VPVID: Variance-Preserving Velocity-Guided Interpolant Diffusion for Speech Enhancement and Dereverberation

Abstract

Diffusion-based generative models for speech enhancement often face challenges in balancing performance and inference efficiency. To address this, we propose a model of Variance-Preserving Velocity-guided Interpolant Diffusion (VPVID), a novel framework that achieves competitive enhancement performance while maintaining high computational efficiency. Our approach incorporates a scalable interpolant framework that reconstructs the reverse diffusion process using velocity terms and state variables. Unlike traditional score-matching objectives, we employ a velocity-based loss function that directly estimates the instantaneous rate of change, providing more stable training and efficient data distribution learning. We further combine stochastic diffusion sampling with probability flow ordinary differential equations, augmented by an adaptive corrector mechanism, creating a flexible sampling strategy that balances quality and efficiency.
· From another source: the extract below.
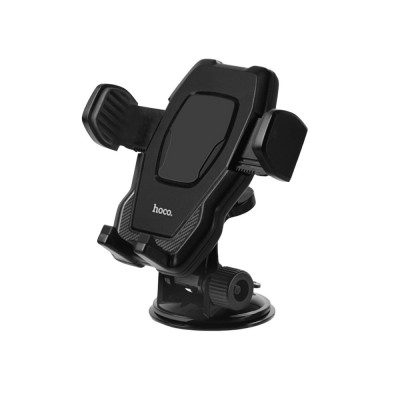 Автотримач Hoco CA31 black Автотримач Hoco CA31 black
Extensive experiments on VoiceBank-DEMAND and WSJ0-CHiME3 datasets demonstrate that VPVID significantly outperforms existing baselines across multiple metrics, particularly excelling in noise separation with SI-SIR improvement up to 4.7 dB. Furthermore, VPVID achieves up to 7× faster inference than existing diffusion-based methods while maintaining excellent speech enhancement and dereverberation performance.